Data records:
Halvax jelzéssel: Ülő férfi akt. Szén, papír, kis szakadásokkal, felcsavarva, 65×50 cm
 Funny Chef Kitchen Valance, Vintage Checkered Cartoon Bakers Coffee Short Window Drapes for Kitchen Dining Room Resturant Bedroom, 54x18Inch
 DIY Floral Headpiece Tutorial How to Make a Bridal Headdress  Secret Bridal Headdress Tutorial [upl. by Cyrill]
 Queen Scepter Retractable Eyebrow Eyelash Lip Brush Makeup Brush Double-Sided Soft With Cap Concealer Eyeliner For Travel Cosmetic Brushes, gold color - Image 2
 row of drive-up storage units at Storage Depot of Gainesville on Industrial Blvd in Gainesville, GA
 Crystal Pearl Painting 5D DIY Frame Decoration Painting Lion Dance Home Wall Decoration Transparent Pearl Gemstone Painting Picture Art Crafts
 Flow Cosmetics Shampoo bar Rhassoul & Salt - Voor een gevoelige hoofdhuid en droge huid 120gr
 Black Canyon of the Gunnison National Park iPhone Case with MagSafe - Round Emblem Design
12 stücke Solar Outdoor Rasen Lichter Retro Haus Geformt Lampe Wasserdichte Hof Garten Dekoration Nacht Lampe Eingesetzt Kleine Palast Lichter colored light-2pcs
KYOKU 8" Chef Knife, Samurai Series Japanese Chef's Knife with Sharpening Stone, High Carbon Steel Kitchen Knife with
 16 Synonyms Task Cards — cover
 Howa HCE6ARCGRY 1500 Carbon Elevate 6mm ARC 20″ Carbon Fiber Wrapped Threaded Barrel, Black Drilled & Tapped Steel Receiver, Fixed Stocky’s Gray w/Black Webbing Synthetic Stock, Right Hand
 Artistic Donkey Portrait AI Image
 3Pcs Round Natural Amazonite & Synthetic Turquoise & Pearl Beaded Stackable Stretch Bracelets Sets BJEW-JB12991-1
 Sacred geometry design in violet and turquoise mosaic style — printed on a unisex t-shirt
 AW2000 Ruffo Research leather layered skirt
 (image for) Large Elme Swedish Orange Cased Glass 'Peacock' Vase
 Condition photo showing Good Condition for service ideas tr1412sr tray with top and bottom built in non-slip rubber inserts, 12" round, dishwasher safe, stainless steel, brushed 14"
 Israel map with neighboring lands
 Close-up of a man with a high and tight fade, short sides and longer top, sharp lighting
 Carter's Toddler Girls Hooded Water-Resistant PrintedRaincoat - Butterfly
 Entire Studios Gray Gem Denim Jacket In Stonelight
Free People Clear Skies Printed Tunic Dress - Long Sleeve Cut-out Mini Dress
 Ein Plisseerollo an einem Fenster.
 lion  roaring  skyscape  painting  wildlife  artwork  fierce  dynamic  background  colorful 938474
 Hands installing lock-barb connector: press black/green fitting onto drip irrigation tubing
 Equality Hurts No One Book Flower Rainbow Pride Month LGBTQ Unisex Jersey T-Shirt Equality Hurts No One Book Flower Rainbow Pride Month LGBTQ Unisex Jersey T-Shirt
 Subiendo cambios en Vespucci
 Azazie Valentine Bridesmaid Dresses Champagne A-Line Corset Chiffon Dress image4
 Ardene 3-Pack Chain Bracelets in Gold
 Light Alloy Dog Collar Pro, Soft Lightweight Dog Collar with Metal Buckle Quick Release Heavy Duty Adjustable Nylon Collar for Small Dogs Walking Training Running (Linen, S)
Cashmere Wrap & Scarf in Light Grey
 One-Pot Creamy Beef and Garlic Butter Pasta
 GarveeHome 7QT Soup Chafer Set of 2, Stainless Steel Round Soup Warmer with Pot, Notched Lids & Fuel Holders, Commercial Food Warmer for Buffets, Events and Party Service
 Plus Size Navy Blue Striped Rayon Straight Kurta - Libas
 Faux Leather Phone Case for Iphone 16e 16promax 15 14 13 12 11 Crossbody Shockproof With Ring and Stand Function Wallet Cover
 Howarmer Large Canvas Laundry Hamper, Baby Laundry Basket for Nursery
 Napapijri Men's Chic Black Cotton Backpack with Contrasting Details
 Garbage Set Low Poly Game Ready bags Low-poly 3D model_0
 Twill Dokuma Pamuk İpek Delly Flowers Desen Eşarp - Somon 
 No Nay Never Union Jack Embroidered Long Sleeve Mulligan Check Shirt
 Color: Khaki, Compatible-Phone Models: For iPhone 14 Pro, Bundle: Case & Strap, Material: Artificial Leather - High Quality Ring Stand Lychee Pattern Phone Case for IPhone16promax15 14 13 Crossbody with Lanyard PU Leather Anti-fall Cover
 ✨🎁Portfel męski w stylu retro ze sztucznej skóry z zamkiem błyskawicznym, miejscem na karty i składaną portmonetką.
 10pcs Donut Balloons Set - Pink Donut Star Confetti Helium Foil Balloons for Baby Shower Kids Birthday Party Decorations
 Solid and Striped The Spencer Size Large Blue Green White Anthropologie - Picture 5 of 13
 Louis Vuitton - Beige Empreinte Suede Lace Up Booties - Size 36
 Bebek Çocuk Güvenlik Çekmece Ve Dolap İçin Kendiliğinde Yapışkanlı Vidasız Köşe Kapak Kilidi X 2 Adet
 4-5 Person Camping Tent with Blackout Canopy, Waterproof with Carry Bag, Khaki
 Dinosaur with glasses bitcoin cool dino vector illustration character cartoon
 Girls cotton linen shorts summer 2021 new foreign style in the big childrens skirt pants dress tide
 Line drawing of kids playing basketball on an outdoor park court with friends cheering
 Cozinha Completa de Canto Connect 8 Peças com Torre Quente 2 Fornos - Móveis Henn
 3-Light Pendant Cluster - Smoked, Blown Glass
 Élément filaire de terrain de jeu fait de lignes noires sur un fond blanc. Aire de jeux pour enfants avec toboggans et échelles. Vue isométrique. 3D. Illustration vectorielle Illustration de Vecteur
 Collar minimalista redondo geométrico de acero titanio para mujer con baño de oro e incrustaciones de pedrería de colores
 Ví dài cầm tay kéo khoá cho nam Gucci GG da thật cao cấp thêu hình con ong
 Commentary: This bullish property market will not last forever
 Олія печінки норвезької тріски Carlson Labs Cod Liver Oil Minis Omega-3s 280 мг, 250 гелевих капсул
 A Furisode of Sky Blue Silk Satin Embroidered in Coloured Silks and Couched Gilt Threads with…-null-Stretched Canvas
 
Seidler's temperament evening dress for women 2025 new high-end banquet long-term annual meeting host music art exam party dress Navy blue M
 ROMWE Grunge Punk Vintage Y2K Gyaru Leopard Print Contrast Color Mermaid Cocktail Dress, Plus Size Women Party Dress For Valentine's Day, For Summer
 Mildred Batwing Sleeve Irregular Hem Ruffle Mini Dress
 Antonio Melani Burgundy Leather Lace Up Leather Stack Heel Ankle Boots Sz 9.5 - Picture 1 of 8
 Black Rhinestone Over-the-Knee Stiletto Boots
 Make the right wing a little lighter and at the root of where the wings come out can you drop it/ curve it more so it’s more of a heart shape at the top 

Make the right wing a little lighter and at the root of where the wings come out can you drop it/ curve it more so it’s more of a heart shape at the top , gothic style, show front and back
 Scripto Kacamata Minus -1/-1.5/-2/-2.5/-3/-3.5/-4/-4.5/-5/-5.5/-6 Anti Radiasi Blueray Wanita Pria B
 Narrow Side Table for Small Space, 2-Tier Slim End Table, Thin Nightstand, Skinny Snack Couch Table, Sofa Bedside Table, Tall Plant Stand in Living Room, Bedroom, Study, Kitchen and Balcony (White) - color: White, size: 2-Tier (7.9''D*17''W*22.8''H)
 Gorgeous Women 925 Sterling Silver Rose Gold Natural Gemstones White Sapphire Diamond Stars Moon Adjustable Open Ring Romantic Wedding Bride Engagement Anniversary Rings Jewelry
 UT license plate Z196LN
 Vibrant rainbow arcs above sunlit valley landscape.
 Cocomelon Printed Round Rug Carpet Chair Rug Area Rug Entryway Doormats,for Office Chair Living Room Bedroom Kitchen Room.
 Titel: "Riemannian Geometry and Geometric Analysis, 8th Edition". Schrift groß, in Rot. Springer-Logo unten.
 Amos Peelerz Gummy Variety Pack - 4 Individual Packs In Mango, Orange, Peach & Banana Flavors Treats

TASK STATEMENT:
The lines above, from the first through the one containing "3Pcs Round Natural", must be restated word for word, with nothing added.

ANSWER BOX:
Halvax jelzéssel: Ülő férfi akt. Szén, papír, kis szakadásokkal, felcsavarva, 65×50 cm
 Funny Chef Kitchen Valance, Vintage Checkered Cartoon Bakers Coffee Short Window Drapes for Kitchen Dining Room Resturant Bedroom, 54x18Inch
 DIY Floral Headpiece Tutorial How to Make a Bridal Headdress  Secret Bridal Headdress Tutorial [upl. by Cyrill]
 Queen Scepter Retractable Eyebrow Eyelash Lip Brush Makeup Brush Double-Sided Soft With Cap Concealer Eyeliner For Travel Cosmetic Brushes, gold color - Image 2
 row of drive-up storage units at Storage Depot of Gainesville on Industrial Blvd in Gainesville, GA
 Crystal Pearl Painting 5D DIY Frame Decoration Painting Lion Dance Home Wall Decoration Transparent Pearl Gemstone Painting Picture Art Crafts
 Flow Cosmetics Shampoo bar Rhassoul & Salt - Voor een gevoelige hoofdhuid en droge huid 120gr
 Black Canyon of the Gunnison National Park iPhone Case with MagSafe - Round Emblem Design
12 stücke Solar Outdoor Rasen Lichter Retro Haus Geformt Lampe Wasserdichte Hof Garten Dekoration Nacht Lampe Eingesetzt Kleine Palast Lichter colored light-2pcs
KYOKU 8" Chef Knife, Samurai Series Japanese Chef's Knife with Sharpening Stone, High Carbon Steel Kitchen Knife with
 16 Synonyms Task Cards — cover
 Howa HCE6ARCGRY 1500 Carbon Elevate 6mm ARC 20″ Carbon Fiber Wrapped Threaded Barrel, Black Drilled & Tapped Steel Receiver, Fixed Stocky’s Gray w/Black Webbing Synthetic Stock, Right Hand
 Artistic Donkey Portrait AI Image
 3Pcs Round Natural Amazonite & Synthetic Turquoise & Pearl Beaded Stackable Stretch Bracelets Sets BJEW-JB12991-1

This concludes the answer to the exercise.